草原のなかのちょっとした丘の上に俺は座っていた。
「えーと....ここはどこ?」
ゲームのキャラ設定してたはずだ。
「え?魂魄分裂?アルトガイストでの身体作成?ステータス転写?スキル転写?魂魄・・挿入....」
「って、ファンタジー世界のゲームにしちゃ、ダメダメな演出だと思ったけど?」
「これって、ラノベでよくあるやつか?」
「異世界転移ってか?」
転移というか、ファンタジー世界に体を作って2つに分裂させた魂を入れて.....、馬鹿らしい。

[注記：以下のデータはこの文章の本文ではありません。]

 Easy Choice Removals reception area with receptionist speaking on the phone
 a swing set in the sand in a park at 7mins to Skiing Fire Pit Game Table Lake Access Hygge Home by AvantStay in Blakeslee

「正気なやつの発想じゃないよな、よっぽど気が動転してるってことか」
とりあえず立ち上がり周りを見渡してみる。
「右手遠方に大きな森と高い山波が見える」
「前と左手はどこまでも続く草原だなー、後ろは......ん?あれは城か?」
はるか遠くに尖塔と西洋風の大きな屋根が見える。
「異世界かはともかくとして、家の近所じゃねーな、こんなに広い平原なんかあり得ないし、あんな城なんて、写真以外で見たことねーしな」
さーて、どうしたもんだろ、気がつけば、服がジャージじゃなく、少しごわごわした布の上下に革の靴になっている。
「初期装備装着かー...腰のベルトには....剣と、巾着、胸のポケットには?カード?身分証明か?」
名前と年齢、職業が書かれたクレジットカードの倍くらいの大きさのカードがあった....職業:ムグミン村の村人....どこの村だよ!
よく見ようと、何気なくカードの右下をつまむと、スキルが表示された....表示された内容は.....やっぱりさっき設定したキャラクターになった.....
「いやいや、馬鹿か俺は、頭の中がゲームに侵されてるぞ」
「そうだ、巾着の中身はーと、金貨2枚に大きな銀貨3枚小さな銀貨6枚に銅貨2枚小さな銅が.....12枚か」
頭の中に、貨幣:小銅貨100000枚=銅貨10000枚=小銀貨1000枚=銀貨100枚=小金貨10枚金貨1枚、金貨100枚=白金貨とうかんできた。
「基本10枚で次の貨幣に変わるわけか、わかりやすいな白金貨には縁がないだろうな」
「小銅貨1枚の価値が分からないと意味ないんだけどなー」
えーと、小銅貨1枚(1イェン)=10円(あくまでも、目安)か。
「....わかりやすいようで、紛らわしいな....ってか知識が浮かんでくるの気持ち悪いな」
「えーと、この金貨は小金貨なんだろうな、23632イェン、236320円相当ってか、まー物価なんか違うんだろうから、目安ってことだろうな」
「そして、剣か、刃渡り60cmの両刃の直剣....ショートソードってやつかー、日本刀の方が使い慣れてるんだがねー」
スキルは使えるのか?
「あー、どうやるんだ?」
なんとなく、材料に触れたまま、完成品をイメージし「モデリング」と念じればいいと頭にうかんできた。
「ソーデスカ」
日本刀を強くイメージし「モデリング」と念じると、ショートソードが日本刀の形になった。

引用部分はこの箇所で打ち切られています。